Thursday, July 15, 2004

Konstantin Tsiolkovsky goes to the Moon

Last night I went to a screening of a 1935 Russian Science Fiction film, called 'The Space Race', on which Konstantin Tsiolkovsky was the scientific adviser. This was arranged as part of the International Space University by Kerrie Dougherty of the Powerhouse Museum.

Tsiolkovsky is often called the father of modern rocket science; he published a book in 1903 that suggested interplanetary travel using rockets. His main innovation was the use of liquid instead of solid fuel.

The film contained microgravity sequences, among the earliest to be attempted, and wonderful scenes on the surface of the moon.
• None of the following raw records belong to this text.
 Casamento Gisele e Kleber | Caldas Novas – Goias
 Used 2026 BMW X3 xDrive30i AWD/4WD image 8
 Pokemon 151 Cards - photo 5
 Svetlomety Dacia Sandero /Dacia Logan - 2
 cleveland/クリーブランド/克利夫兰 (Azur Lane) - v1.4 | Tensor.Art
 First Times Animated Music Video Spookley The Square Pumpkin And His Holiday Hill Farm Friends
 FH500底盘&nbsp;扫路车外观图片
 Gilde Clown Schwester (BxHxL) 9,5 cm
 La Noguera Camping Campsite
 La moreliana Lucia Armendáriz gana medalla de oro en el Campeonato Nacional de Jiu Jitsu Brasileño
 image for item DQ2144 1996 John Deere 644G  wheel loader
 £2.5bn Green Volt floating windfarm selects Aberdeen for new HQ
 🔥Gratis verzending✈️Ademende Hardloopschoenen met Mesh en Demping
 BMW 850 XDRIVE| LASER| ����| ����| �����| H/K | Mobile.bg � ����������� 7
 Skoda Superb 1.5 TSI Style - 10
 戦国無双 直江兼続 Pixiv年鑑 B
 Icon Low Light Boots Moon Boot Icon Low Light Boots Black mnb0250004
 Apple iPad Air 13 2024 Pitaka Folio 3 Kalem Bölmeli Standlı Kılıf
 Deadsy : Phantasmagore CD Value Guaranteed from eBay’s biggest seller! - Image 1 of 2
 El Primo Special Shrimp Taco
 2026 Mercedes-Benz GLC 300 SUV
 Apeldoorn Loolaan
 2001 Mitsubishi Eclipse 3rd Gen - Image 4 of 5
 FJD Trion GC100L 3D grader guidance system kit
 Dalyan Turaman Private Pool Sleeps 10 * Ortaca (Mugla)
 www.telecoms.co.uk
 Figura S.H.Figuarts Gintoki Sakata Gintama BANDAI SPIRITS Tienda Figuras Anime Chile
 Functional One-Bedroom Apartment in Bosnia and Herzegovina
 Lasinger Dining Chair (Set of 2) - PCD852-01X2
Little animated figures leap about in slow motion, in a landscape very much more interesting than we know it to be now!

And, get this: the spaceship had automatic doors. Now, I'm not a Trekkie, but I understand from Trekkie friends that automatic doors were an innovation of that series, and it took some time before real life was able to catch up. They had people hidden out of sight to pull and push the doors! This may or may not be true; however, there were automatic doors in this 1935 film .....

And in 1935 the predicted future when men and women went to the moon wasn't 1969, or 1984, or 2001, but 1946! Ambitious, and yet, given the extraordinary achievements of Russian and American space programmes with what seems to us now to be such primitive technology, perhaps it was not entirely unrealistic.